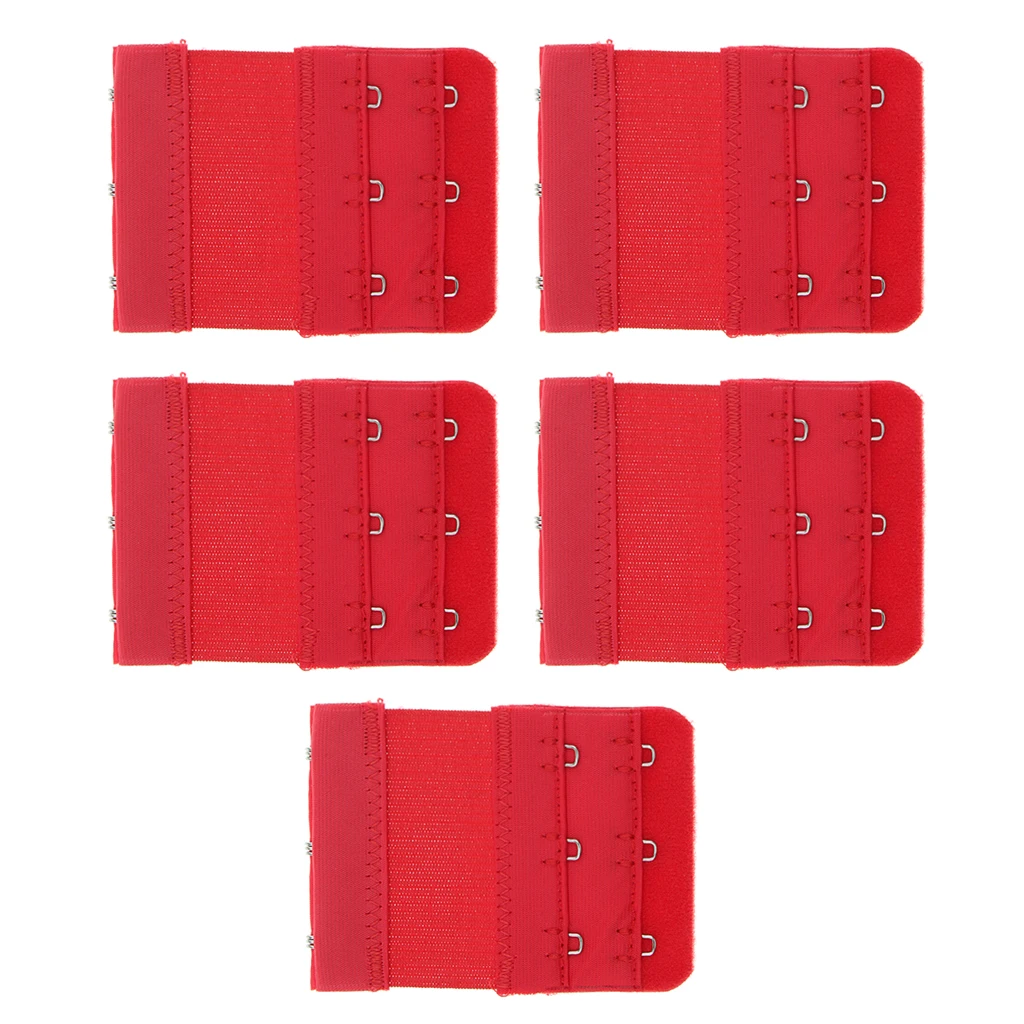 5pcs Adjustable Elastic Bra Extender Strap 3Hook 2Row Bra Extension Replacement Elastic Underwear Extension Clothing Accessories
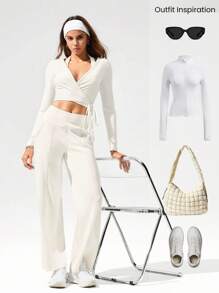 GLOWMODE 28" Softserene Modal Petite High-Waist Silky Smooth Non-See Through Side Pockets Wide Leg Pants Daily Casual Wear Fall Winter - White - View 7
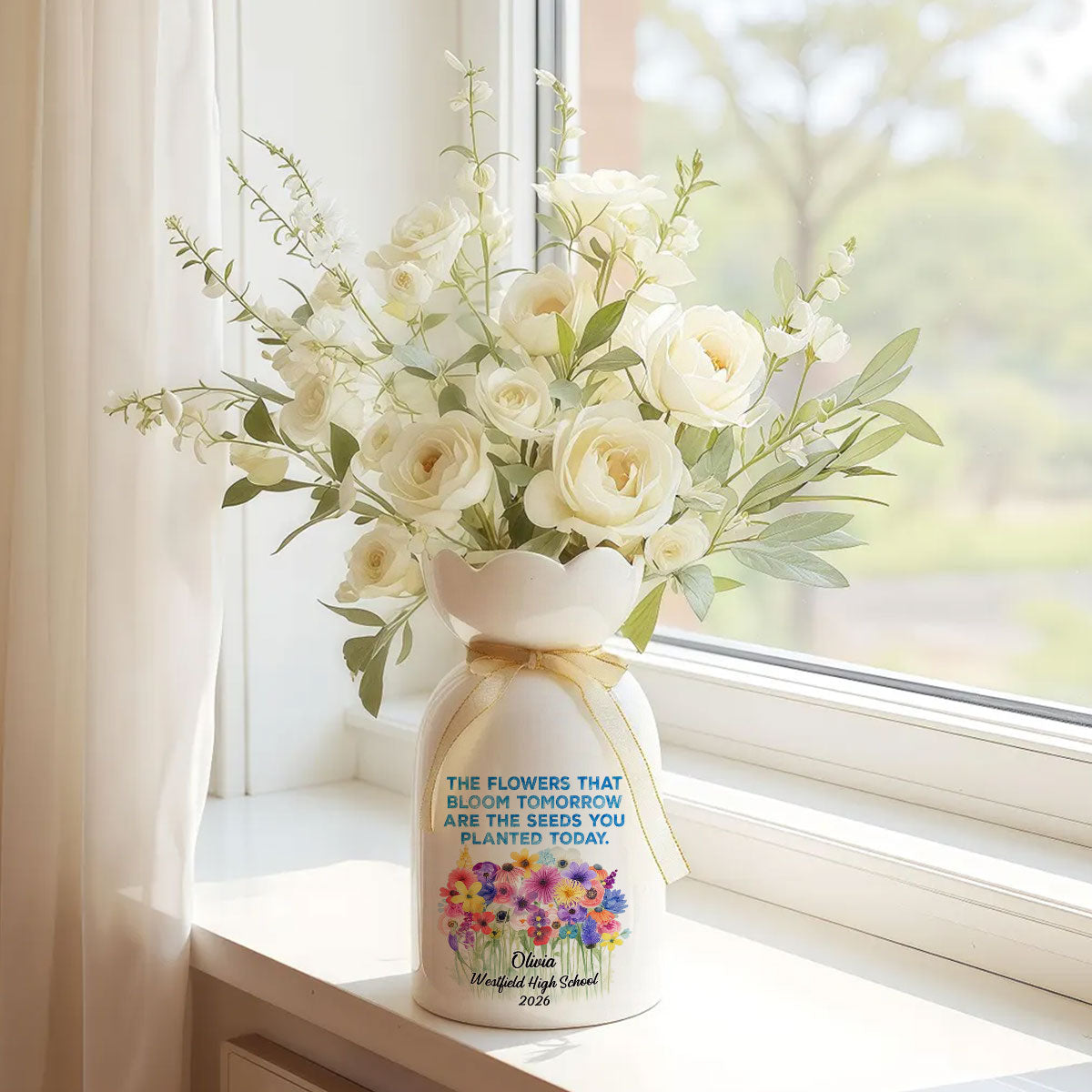 Thank You For Growing Dreams - Personalized Ribbon Tie Flower Vase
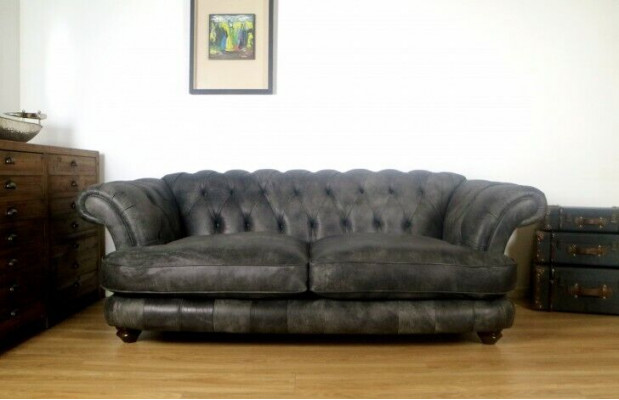 Canapé Chesterfield Big Xxl % Cuir Noir 3 Places Style Vintage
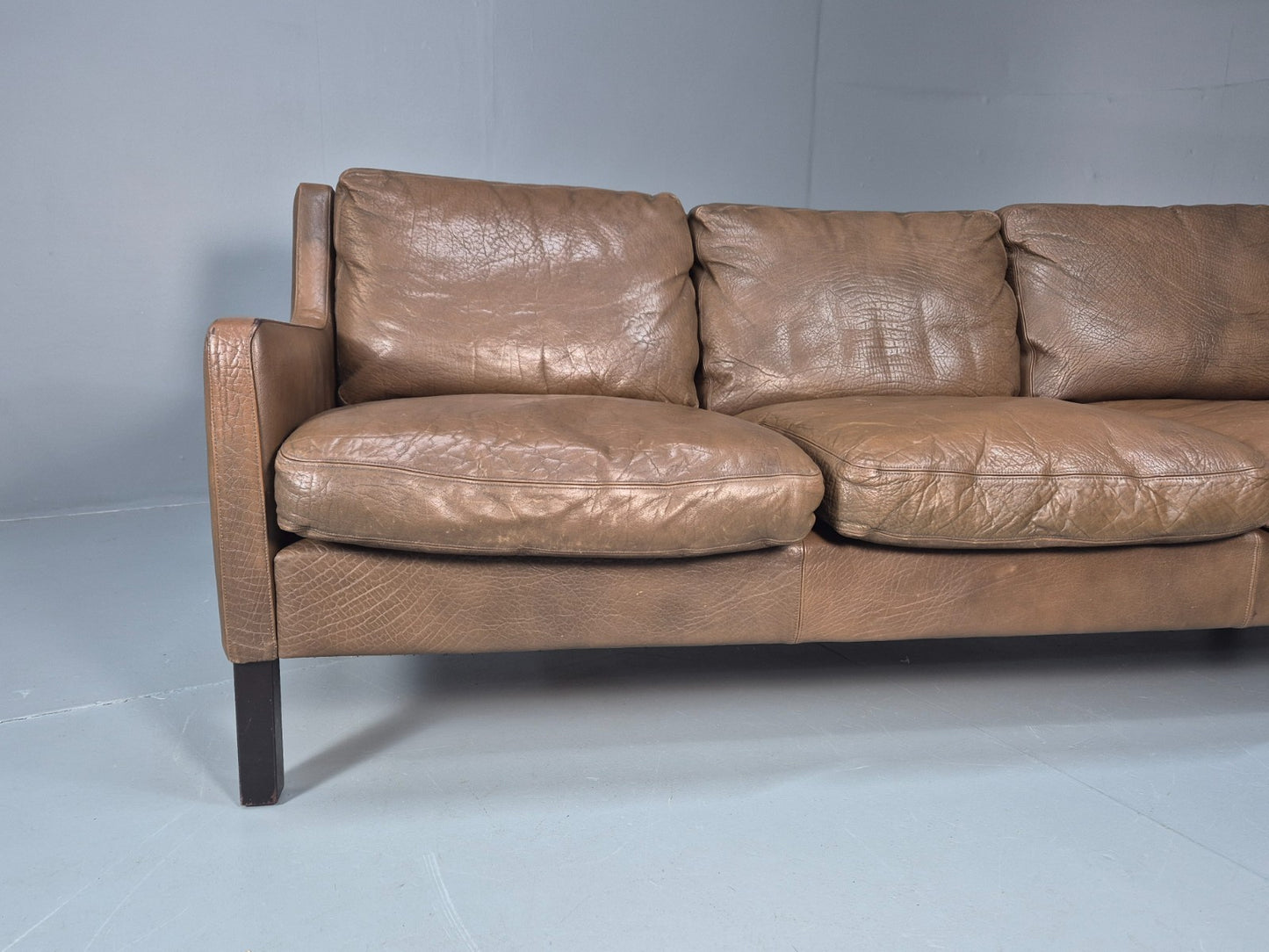 1970s Three Seater Danish Settee Vintage Mogensen Style Leather MCM EB10634 M3SS2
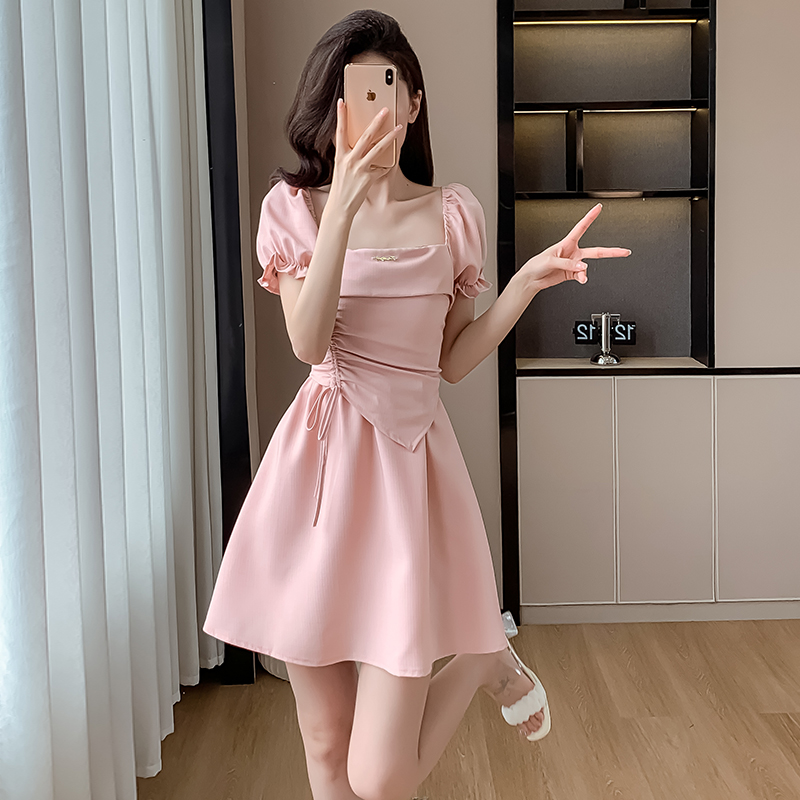 LN32798# 粉色小香风方领短袖连衣裙女夏季新款甜美法式假两件a字裙子 服裝批發女裝批發服飾貨源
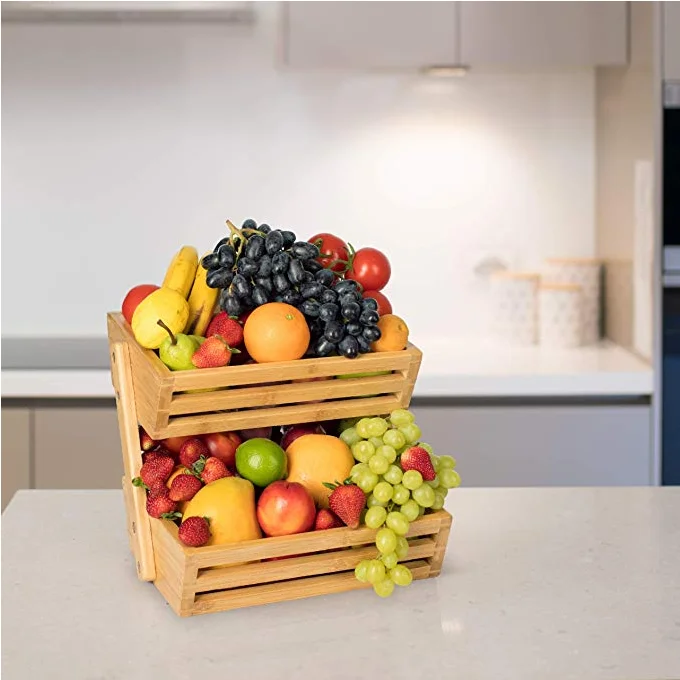 Nature Bamboo Fruit Basket  2 Tier Fruit and Vegetable Storage Stand for Kitchen Countertop Solid Design and Breathable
....
**WHAT YOU SHOULD DO:** Starting at the line that holds "Canapé Chesterfield Big", copy each line exactly through the end of the listing, both ends included. Leave the pictures out.

**ANSWER TO THIS EXERCISE:**
 Canapé Chesterfield Big Xxl % Cuir Noir 3 Places Style Vintage
 1970s Three Seater Danish Settee Vintage Mogensen Style Leather MCM EB10634 M3SS2
 LN32798# 粉色小香风方领短袖连衣裙女夏季新款甜美法式假两件a字裙子 服裝批發女裝批發服飾貨源
 Nature Bamboo Fruit Basket  2 Tier Fruit and Vegetable Storage Stand for Kitchen Countertop Solid Design and Breathable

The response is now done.